In quantum physics, if something is not forbidden, it necessarily happens with some non-zero probability, so if it’s possible for these bubbles to form, they certainly will. Just as particles and antiparticles that snap in and out of nothingness, bubbles of space-time can do the same. But how can an infinitesimal space-time bubble convert into a massive universe that hosts 100 billion galaxies?
Cosmic inflation can make such bubble survive. Inflation theory proposes that in the immediate aftermath of the Big Bang, the universe expanded much faster than it did later. A fraction of a second after the Big Bang, the quantum-sized bubble of space expanded extremly fast. In an incredibly brief moment, it went from being smaller than the nucleus of an atom to the size of a grain of sand. When the expansion finally slowed, the force field that had powered it was transformed into the matter and energy that fill the universe today.
That explains why the cosmic microwave background, the faint remnant of radiation left over from the Big Bang, is almost perfectly uniform across the sky. If the universe had not expanded so rapidly, we would expect the radiation to be patchier than it is.
Inflation also gave cosmologists the measuring tool they needed to determine the underlying geometry of the universe. It turns out this is also crucial for understanding how the cosmos came from nothing.
Einstein’s theory of general relativity tells us that the space-time we live in could take three different forms. It could be as flat as a table top. It could curve back on itself like the surface of a sphere, in which case if you travel far enough in the same direction you would end up back where you started. Alternatively, space-time could curve outward like a saddle.
On the largest observable scale our universe is flat. That is crucial, because only a flat universe is likely to have come from nothing.
Everything that exists, from stars and galaxies to the light we see them by, must have sprung from somewhere. We already know that particles spring into existence at the quantum level, so we might expect the universe to contain a few odds and ends. But it takes a huge amount of energy to make all those stars and planets.
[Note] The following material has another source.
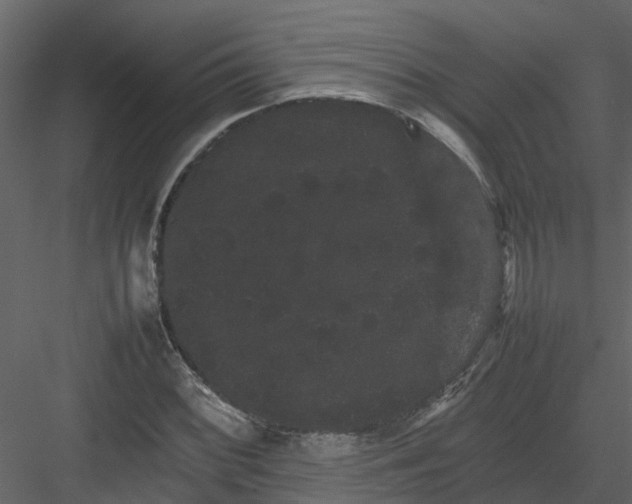 X0000082941068200702222241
Where did the universe get all this energy? Bizarrely, it may not have had to get any. That’s because every object in the universe creates gravity, pulling other objects toward it. This balances the energy needed to create the matter in the first place.
Physicists have calculated that in a flat universe the energy of matter is exactly balanced by the energy of the gravity the mass creates. But this is only true in a flat universe. If the universe had been curved, the two sums would not cancel out.
Quantum mechanics tells us that “nothing” is inherently unstable, so the initial leap from nothing to something may have been inevitable. Then the resulting tiny bubble of space-time could have burgeoned into a massive, busy universe, thanks to inflation. The laws of physics as we understand them make it eminently plausible that our universe arose from nothing – no space, no time, no particles, nothing that we now know of.
If one space-time bubble popped into existence and inflated to form our universe, what kept other bubbles from doing the same? When a new universe stops inflating, it is still surrounded by space that is continuing to inflate. That inflating space can spawn more universes, with yet more inflating space around them. So once inflation starts it should make an endless cascade of universes – an eternal inflation.
Those universes might be profoundly different to ours. The universe next door might have five dimensions of space rather than the three – length, breadth and height – that ours does. Gravity might be ten times stronger or a thousand times weaker, or not exist at all. Matter might be built out of utterly different particles.